Difficile de croire qu’une substance aussi dangereuse puisse être associée à la vie. Pourtant, sur notre planète, la phosphine est produite de façon « naturelle » par des micro-organismes capables de vivre dans des environnements dénués d’oxygène ou « anaérobies ». Dès lors, écrivait en janvier dernier Clara Sousa-Silva, astrophysicienne moléculaire et co-auteure des articles vénusiens, ce gaz est une « biosignature potentielle » sur les planètes sans oxygène.

Le problème, c’est que la vie n’est pas qu’une affaire de gaz.

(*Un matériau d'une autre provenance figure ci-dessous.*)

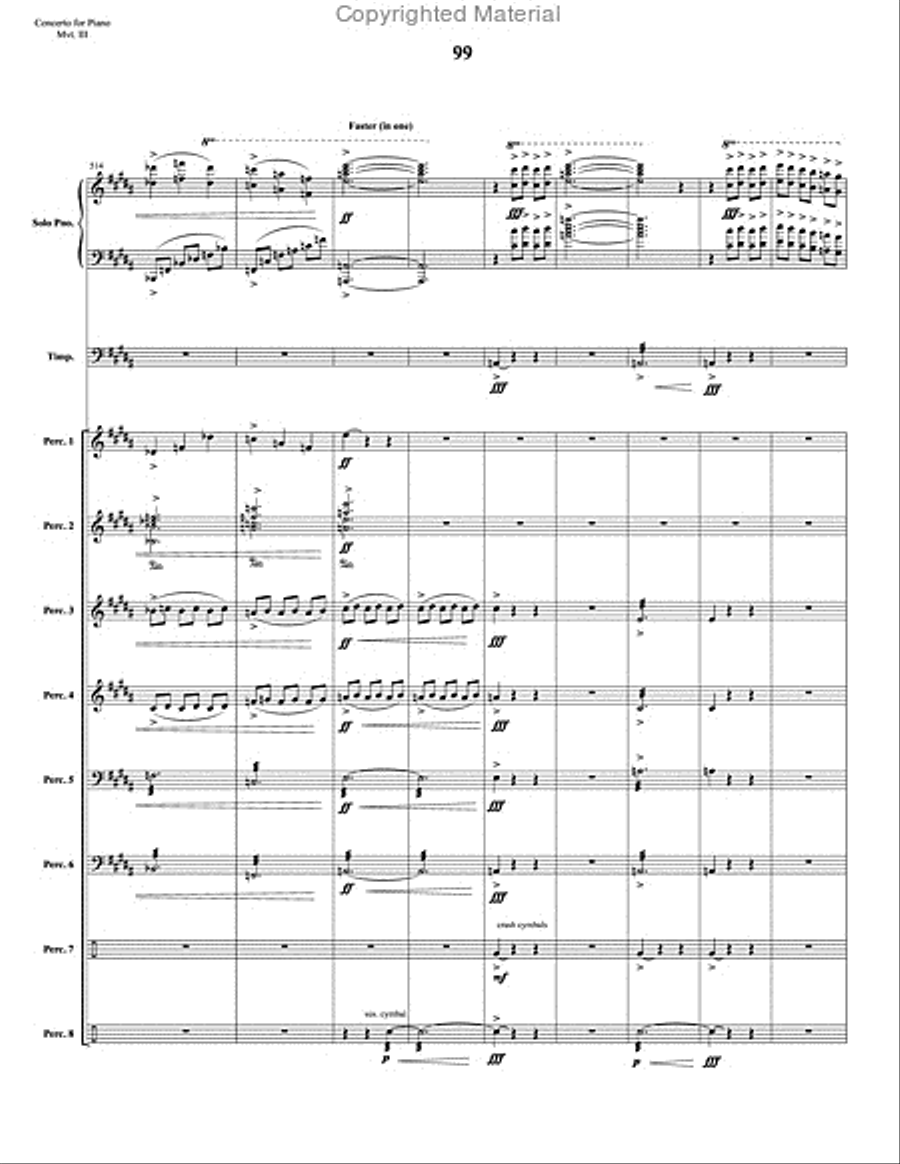 Concerto for Piano and Percussion Orchestra Percussion Ensemble scores gallery preview page 121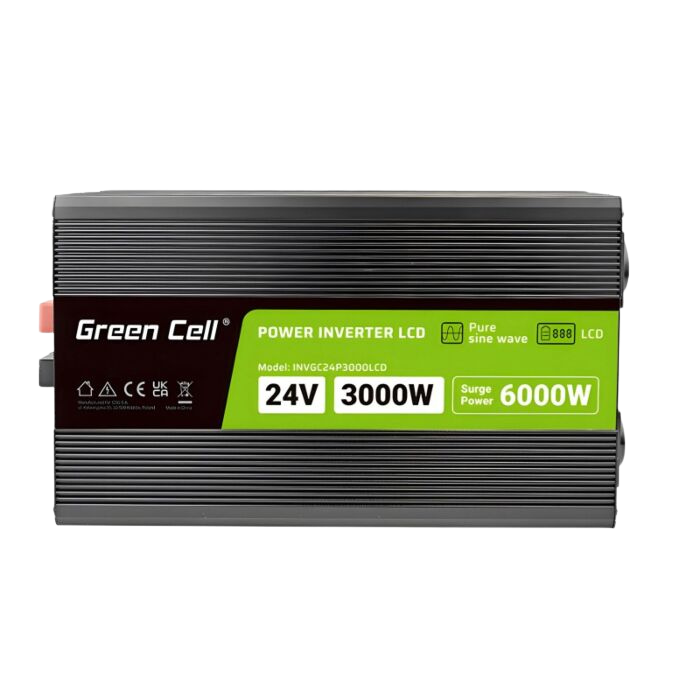 Kraftig Inverter gjør om 24VDC til 230V, 3000W/6000W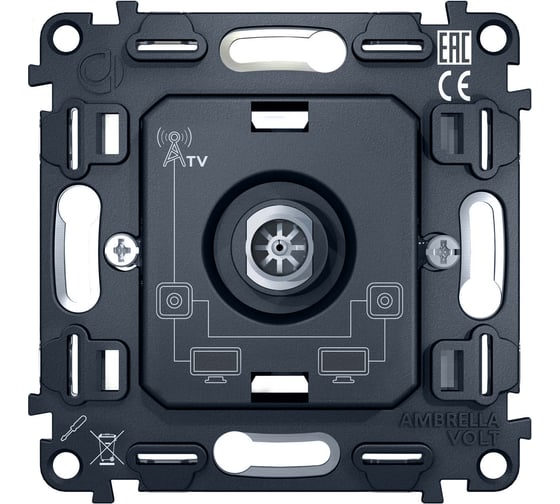 Изображение товара Механизм TV розетки проходной Ambrella VOLT 5-1000 MHz 4dB VM211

À la surface de Vénus, la température avoisine les 500°C et la pression dépasse les 90 bars, de quoi vaporiser un mammifère en un instant. Cependant, cinquante kilomètres plus haut, l’atmosphère de cette planète infernale comporte une « zone tempérée » aux conditions comparables à celles de la surface de la Terre. C’est précisément dans ce petit coin douillet que Jane Greaves et ses collègues ont détecté la présence de phosphine en quantités remarquables.

D’après les informations récoltées par les radiotélescopes de James Clerk Maxwell, à Hawaii, et d'Atacama, au Chili, la concentration en phosphine de cette « zone tempérée » est plusieurs milliers de fois supérieure à celle de l’atmosphère terrestre. En dépit de leurs efforts, les auteur·es des articles ne sont pas parvenu·es à identifier l’origine d’une telle abondance de gaz : ni l’atmosphère, ni les nuages, ni la surface, ni le sous-sol, ni les éclairs, ni les volcans, ni les météorites vénusiens ne semblent capable de produire autant de phosphine. Resterait la vie.

Ce raisonnement par élimination est d’autant plus séduisant qu’il aboutit à une conclusion romantique : la vie extraterrestre aurait été là, sous notre nez, depuis le début. Cependant, comme le fait remarquer Jane Greaves dans la vidéo de la Royal Astronomical Society, même les coins les plus accueillants de Vénus sont extrêmes. « Sur Terre, nous connaissons des formes de vie vraiment résistantes, de petites bactéries qui peuvent exister dans une eau qui contient environ 5% d’acide, ce qui est assez incroyable. Sur Vénus, les nuages sont probablement constitués d’environ 90% d’acide. »

Un peu partout sur Internet et dans la communauté scientifique, quelques trouble-fêtes tentent de modérer l’enthousiasme vénusien en évoquant l’affaire du méthane martien. En 2004, quand une sonde de l’Agence spatiale européenne a découvert des traces de ce gaz essentiellement dégagé par des processus biologiques sur notre planète, la vie extraterrestre avait également semblé toute proche aux enthousiastes. Une quinzaine d’années et de sondes plus tard, nous n’avons toujours pas trouvé de créature vivante sur Mars.

La bonne nouvelle, c’est que la phosphine pourrait bien permettre à Venus de voler la vedette à Mars auprès de la NASA. L’agence spatiale américaine, qui délaisse la première au profit de la seconde depuis des décennies, avait déjà fait comprendre qu’elle pourrait bientôt se laisser tenter par une mission vénusienne en février dernier. Ces derniers événements guideront peut-être son choix. Tou·tes les scientifiques savent que le seul moyen de dissiper un doute est de travailler encore… Avec plus de moyens.